الحَمْدُ لِلهِ اللَّذِي فَتَحَ لِأَوْلِيَائِهِ بَابَ مَحَبَّتِهِ وَطَاعَتِهِ وَوَفَّقَهُ لِطَاعَتِهِ وَحِدْمَتِهِ
اَشْهَدُ اَنْ لَا اِلَهَ اِلَّا اللهُ وَحْدَهُ لِاُلُوْهِيَّتِهِ وَرُبُوْبِيَّتِهِ وَاَشْهَدُ أَنَّ مُحَمَّدً عَبْدُهُ وَرَسُوْلُهُ خَيْرَحَلْقِهِ
اَللَّهُمَّ صَلِّ وَسَلِّمْ وَبَارِكْ عَلَى سَيِّدِنَا وَحَبِيْبِنَا وَنَبِيِّنَا مُحَمَّدٍ خَيْرِ حَلْقِهِ وَعَلَى آلِهِ وَأَصْحَابِهِ
وَاَزْوَاجِهِ وَذُرِّيَاتِهِ وَأَتْبَاعِهِ اَمَّابَعْدُ

Berkata Imam Ahmad ibnu Athoillah 

وَمِنْ عَلَامَةِ الِاعْتِمَادِ عَلَى العَمَلِ نُقْصَانُ الرَّجَاءِ عِنْدَ وجُوْدِ الزَّلَلِ. 

Artinya sebagian dari tanda yang menunjukkan seseorang bergantung  pada amal perbuatannya adalah kurangnya mengharap rahmat Allah ketika melakukan kesalahan atau kemaksiatan.


Ketaatan atau amal baik yang mendatangkan pahala itu hanya ada tiga macam amal, karena rukun (isi) agama islam itu ada tiga. Siapa yang mengerjakan 3 perkara ini maka dia telah sempurna membangun agama, yaitu :

          1. Amal Islam  2. Amal Iman 3. Amal Ikhsan.

Amalan islam adalah perintah mengerjakan sesuatu dan meninggalkan sesuatu dengan anggota badan, yang mana tujuannya adalah untuk membaguskan semua anggota badan kita, mulai dari ujung kaki hingga kepala. Dari lima rukun islam yang menjadi pokok, masih banyak lagi amal dhohir yang bisa dikerjakan. Namun dari sekian banyak amal dhohir yang paling dahulu dikerjakan bagi seorang murid adalah taubat (membersihkan diri) dari segala kemaksiatan, lalu takwa (berpakaian), dan yang terakhir istiqomah (langgeng) dalam segala keadaan. 
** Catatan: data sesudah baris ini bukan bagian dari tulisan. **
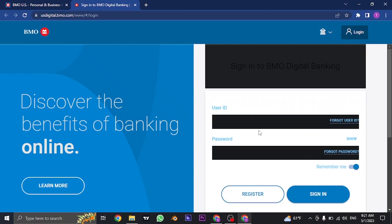So now once you fill in both of these information, you just need to click on sign in. And if the details that you entered are correct, you will be successfully logged in to your online banking or digital banking of BMO Harris.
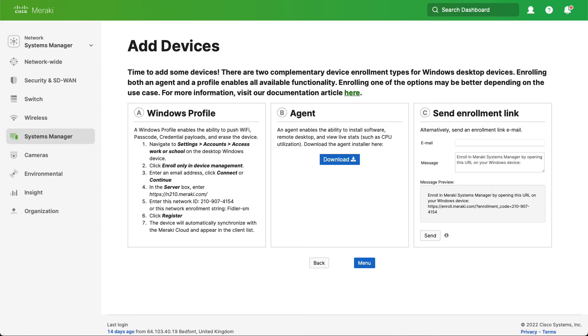Hello. Today we're going to talk about how to enroll a Windows computer into Meraki Systems Manager. There are two different ways that we can do this.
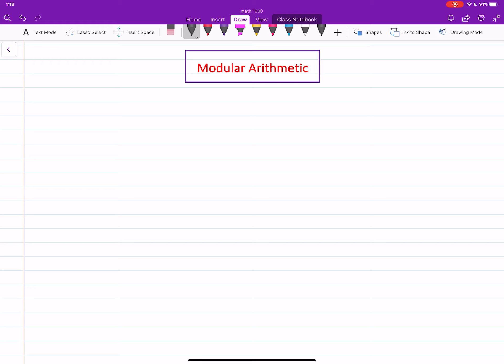In this video I will tell you about something called modular arithmetic. You will see that this is a kind of new set of numbers with some new operations that we will use in another video to have a new set of vectors.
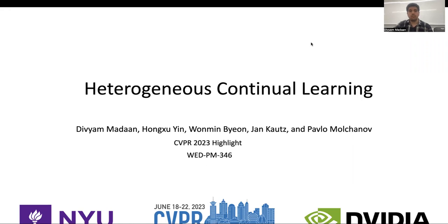Hello, everyone. I'm Divya Madan, and I'm going to present our work, Heterogeneous Continual Learning. This is a joint work with Hongshu, Wonmin, Yan, and Pablo.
Amalan iman adalah perintah untuk menata keyakinan dalam diri dan ini bukan lagi tugas anggota badan yang di luar tapi tugas hati. Tujuan melakukan amalan ini adalah untuk membaguskan hati kita. Diantara semua amalan hati yang paling dahulu dikerjakan bagi seorang murid adalah ikhlas (karena Allah) dalam setiap tindakan, lalu sidiq (sesuai luar dalam), lalu tumakninah (tentram hatinya menghadap Allah).

Amalan ikhsan adalah perintah untuk selalu menyadari keberadaan Allah dalam setiap amalan yang dikerjakan. Tujuan dari amalan ini adalah untuk membaguskan tujuan kita. Dimulai amalan ikhsan bagi seorang murid adalah dengan muroqobah (merasa diawasi oleh Allah), lalu musyahadah (merasa melihat allah), lalu ma’rifah (sampai kepada Allah).
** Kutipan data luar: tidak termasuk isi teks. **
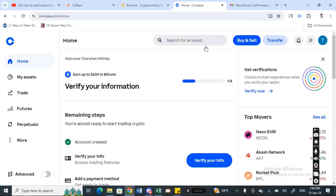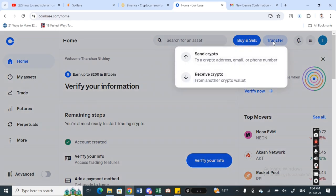Once you've logged into your Coinbase account, on the top here you will see send and receive options. Simply select the transfer option and then select the option called send crypto.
Nasehat pertama dari Syeh Ahmad ibnu Athoillah ini agar seorang murid tidak menggantungkan keselamatan atau kesengsaraan dirinya kelak di akherat pada amal yang telah diperbuatnya. Seperti merasa bahwa amal baik yang telah diperbuatnya akan memasukkan dia ke dalam surga atau merasa bahwa amal buruk yang telah dilakukannya akan memasukkannya ke dalam neraka, hingga tidak berharap lagi pada rahmat Allah SWT. 

Maka ketahuilah, bahwa orang-orang yang lebih mengenal Allah itu tidak pernah berkurang sedikit pun pengharapannya pada Allah, baik dalam keadaan melakukan amal kebaikan atau pun ketika mereka sedang diuji melakukan amal keburukan. Tidak berkurangnya harapan mereka pada rahmat Allah SWT itu karena mereka tidak pernah bergantung pada amal perbuatannya. Harapan mereka hanya digantungkan pada anugerah Allah SWT.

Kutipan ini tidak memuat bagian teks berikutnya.